Arbeitnehmer im höheren Alter sollten sich daher noch eine Alternative aufbauen. Wenn der Einstieg in die eigentliche Fachrichtung aussichtslos erscheint, kann es helfen Weiterbildungen anzunehmen, mit denen man eine andere Richtung einschlagen kann. Vielleicht hilft es auch, sich in eine Richtung zu spezialisieren, die gerade sehr gefragt ist.

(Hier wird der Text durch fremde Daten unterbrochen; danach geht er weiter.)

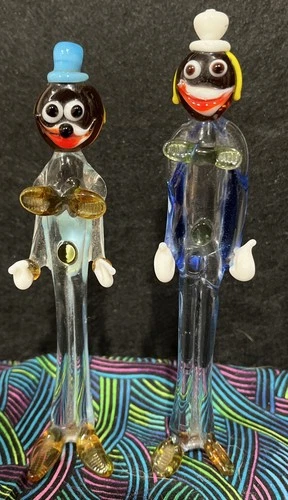Vintage Hand Blown Art Glass Clown Figurine Lot Of 2 Murano Style 6”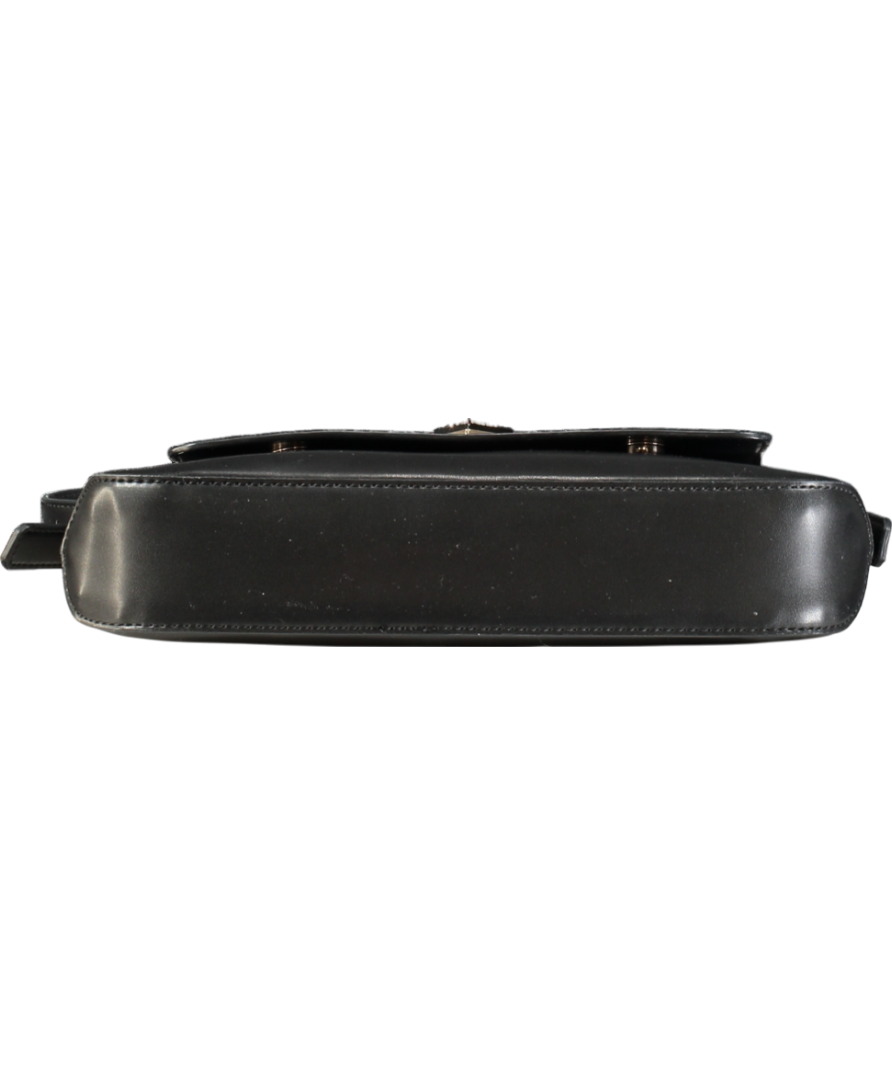 Guess Black Smooth Leather Logo Plaque Shoulder Flap Bag One Size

Keinesfalls sollten ältere Arbeitslose verzweifeln und aufgeben. Auf dem Arbeitsmarkt ist vor allem die fachliche Leistungsfähigkeit gefragt. Kann diese vorgewiesen werden, wird sich durch viel Engagement für jeden eine geeignete Anstellung finden lassen. Zwar gilt es hier unter Umständen mehr Geduld und Durchhaltevermögen zu beweisen, aber ältere Arbeitnehmer sind genauso wertvoll, wie die jüngeren Nachwuchskräfte.